Oops haven't tweeted too much recently; I'm mostly watching with interest the open source LLM ecosystem experiencing early signs of a cambrian explosion. Roughly speaking the story as of now:
1. Pretraining LLM base models remains very expensive. Think: supercomputer months.
2. But finetuning LLMs is turning out to be very cheap and effective due to recent PEFT (parameter efficient training) techniques that work surprisingly well, e.g. LoRA / LLaMA-Adapter, and other awesome work, e.g. low precision as in bitsandbytes library.
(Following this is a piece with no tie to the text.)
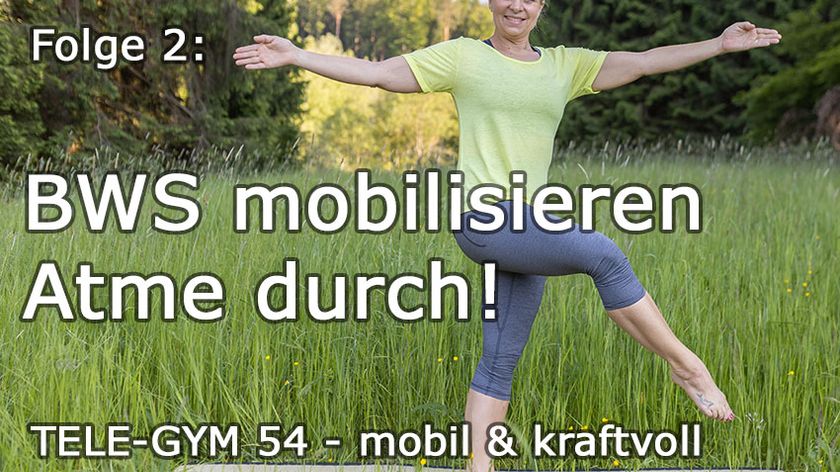 TELE-GYM 54 mobil &amp; kraftvoll Folge 2 BWS mobilisieren - Atme durch! VOD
Think: few GPUs day, even for very large models.
3. Therefore, the cambrian explosion, which requires wide reach and a lot of experimentation, is quite tractable due to (2), but only conditioned on (1).
4. The de facto OG release of (1) was Facebook's sorry Meta's LLaMA release - a very well executed high quality series of models from 7B all the way to 65B, trained nice and long, correctly ignoring the "Chinchilla trap". But LLaMA weights are research-only, been locked down behind forms, but have also awkwardly leaked all over the place... it's a bit messy.
5. In absence of an available and permissive (1), (2) cannot fully proceed. So there are a number of efforts on (1), under the banner "LLaMA but actually open", with e.g. current models from
@togethercompute,
@MosaicML ~matching the performance of the smallest (7B) LLaMA model, and
@AiEleuther ,
@StabilityAI nearby.
For now, things are moving along (e.g. see the 10 chat finetuned models released last ~week, and projects like llama.cpp and friends) but a bit awkwardly due to LLaMA weights being open but not really but still. And most interestingly, a lot of questions of intuition remain to be resolved, e.g. especially around how well finetuned model work in practice, even at smaller scales.